Несколько лет назад я принимал участие в проекте «Большой балет» канала «Культура». Ставил для танцовщиков Большого «Танго». Как-то подхожу к театру и вижу: прямо на асфальте сидит человек в шортах, шлепанцах, с нечесаными патлами, в татуировках. Спрашиваю у приятеля:
— Кто такой?
Он говорит:
— Дмитриченко.
Так я его первый раз увидел и не скажу, что парень произвел приятное впечатление. Сейчас многие артисты украшают тело изображениями бабочек, мух, цветочков. Для меня это недопустимо. Понятно, когда тату набивают проститутки или секс-меньшинства: им хочется привлечь внимание к определенным частям тела. Но артист балета должен восхищать зрителей своим физическим совершенством, качеством танца. Если принижают искусство, которому я отдал жизнь, в его же храме, для меня это все равно что прийти в церковь и плюнуть на икону.

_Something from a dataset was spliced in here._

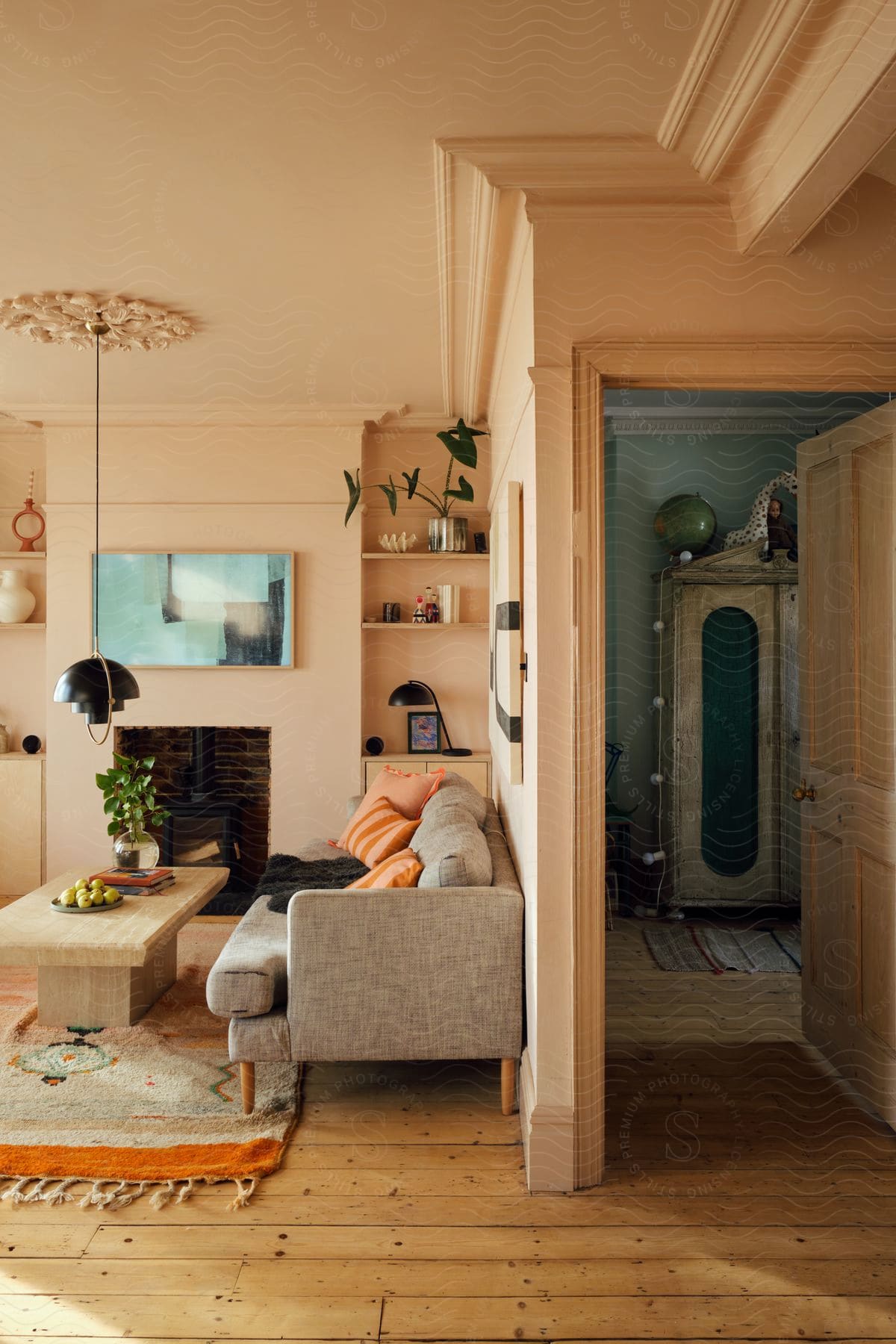 Living room with sofa, fireplace, and wall shelves, floral chandelier overhead, leading to room with antique wardrobe.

Мы, люди другого поколения, привыкли ценить то, чего добились тяжелым трудом. Я у родителей единственный ребенок. Они инженеры, работали на военных предприятиях в Тушино. Оба воевали, мама дошла до Берлина. Оттуда вернулась с трофеем — немецким аккордеоном, на котором блестяще играла и пела в компаниях. Пыталась и меня приобщить к музыке, но, прозанимавшись полгода с педагогом, я освоил лишь песню «Родина». Дальше дело не пошло.

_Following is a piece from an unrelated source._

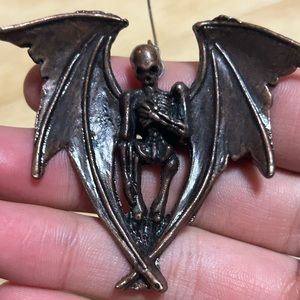 Copper winged Skelton earrings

Родители пропадали на работе, я рос дворовым мальчишкой, от дурных компаний спасал спорт. Неподалеку от улицы Лодочной, где мы жили, был стадион с бассейном, куда я часто ходил. Потом увлекся хоккеем — играл за юношескую сборную знаменитого в те времена тушинского клуба «Салют» (кстати, доигрывал, когда уже учился в хореографическом училище). Позже к хоккею прибавились баскетбол и волейбол, из-за которых получил хронический вывих плеча. А еще увлекся боксом и карате. Карате в советские времена было запрещенным видом спорта, я занимался в полулегальной группе с дипломатами. Долго не бросал, даже работая в Большом театре.
Любовь к танцу пришла после того, как в десять лет увидел по телевизору фильм-балет «Ромео и Джульетта» с Галиной Улановой. Был в неописуемом восторге, стал упрашивать маму: «Запиши меня в хореографический кружок». Студия нашлась в клубе «Красный Октябрь» при секретном «пятисотом» заводе, а проще — почтовом ящике. Мне купили беленькие носочки и маечку. Несколько раз в неделю я стоял у балетного станка, тянул подъем, делал растяжки. Раз в год там появлялись артисты Большого театра, которые принимали у детей экзамен, смотрели, чему их научили педагоги. Так меня заприметил Михаил Михайлович Каверинский, он сказал маме: «Из вашего мальчика выйдет толк, ему непременно надо поступать в хореографическое училище».
Но мама видела сына военным дирижером. Она добилась, чтобы меня после пятого класса взяли в Суворовское училище, куда попасть было просто нереально. Я с мамой не спорил, не хотел расстраивать, хотя восторга от того, что всю оставшуюся жизнь придется ходить строем, не испытывал. У меня психология солиста.